Last updated: June 2026.
That's the whole snippet, but stick around, because the confusion around this term is exactly how people get scammed into "swapping" their ETH for a fake "ETH2" token. There's no such token. Let me walk you through what actually happened.
What Ethereum 2.0 Meaning Was Supposed To Be
Back in 2020 and 2021, "Ethereum 2.0" (also written "ETH2" or "Eth2") was the umbrella marketing label for a multi-year plan to move Ethereum off energy-hungry mining and onto staking, plus eventually scale it with sharding. The Ethereum 2.0 meaning everyone latched onto was "the new, faster, greener Ethereum that's coming."

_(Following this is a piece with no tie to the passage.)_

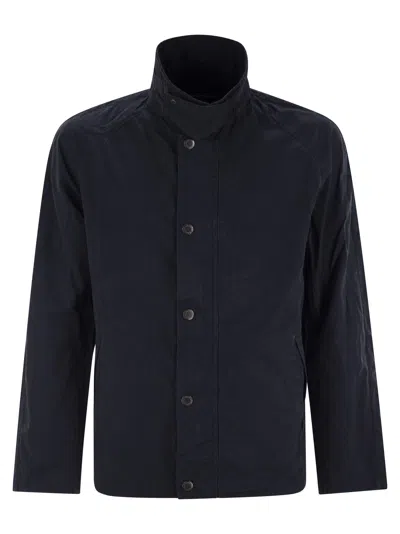 Barbour Tracker Casual Jacket In Navy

The problem with that framing? It made people think a separate, second blockchain was being launched. It wasn't. There was always one Ethereum. The "2.0" was a roadmap, not a product. And roadmaps get renamed when the marketing causes more harm than good.
Why Did They Stop Calling It Ethereum 2.0?

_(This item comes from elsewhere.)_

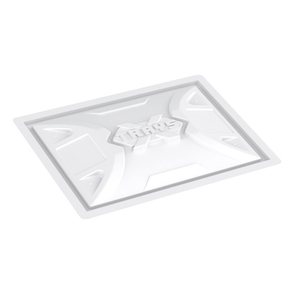 X-Trays Res. Lid 50 Gallon White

In January 2022, the Ethereum Foundation publicly dropped the "Eth2" branding. Their stated reason was simple: the names "Eth1" and "Eth2" were confusing people and, worse, giving scammers a script. Bad actors were telling holders they had to migrate their "old" ETH to "new" ETH2 before some deadline, then draining their wallets.
So the Foundation reframed everything. "Eth1" became the execution layer. "Eth2" became the consensus layer. Both are just parts of the same chain. No swap, no new coin, no deadline. If anyone ever tells you to convert your ETH to ETH2, close the tab. That's a scam, full stop.

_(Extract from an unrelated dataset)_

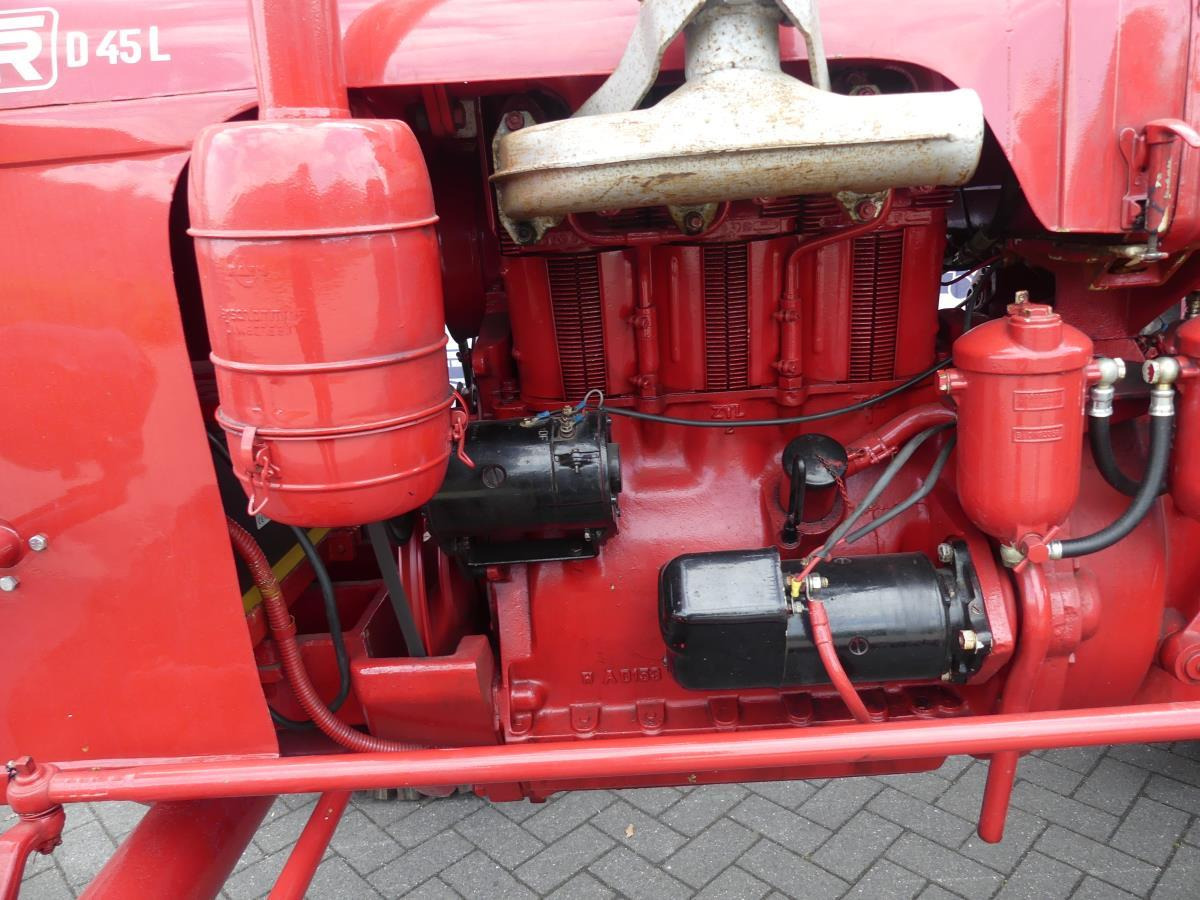 Tractor Fahr D45L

What Happened To Ethereum 2.0, Then?
It shipped. The headline piece of the old "2.0" plan, switching from proof of work to proof of stake, went live on September 15, 2022, in an event called The Merge.
Here's the part that still impresses me as someone who's watched plenty of chains fumble basic upgrades: Ethereum swapped out its entire consensus mechanism on a live network worth hundreds of billions of dollars, with no downtime. Imagine changing a car's engine while it's doing 70 on the highway and nobody in the back seat notices. That's roughly the difficulty level.
The energy footprint dropped by around 99.95% basically overnight, going from "uses as much power as a mid-sized country" to "uses about as much as a small town." That number comes from the Ethereum Foundation's own post-Merge analysis, and even Bitcoin folks don't really argue it.
If you want the deeper mechanics of running a validator and earning yield, I broke that down in my guide on how to actually stake Ethereum and the Lido vs Rocket Pool tradeoff. This post is about the name and the timeline.
Is Ethereum 2.0 The Same As The Merge?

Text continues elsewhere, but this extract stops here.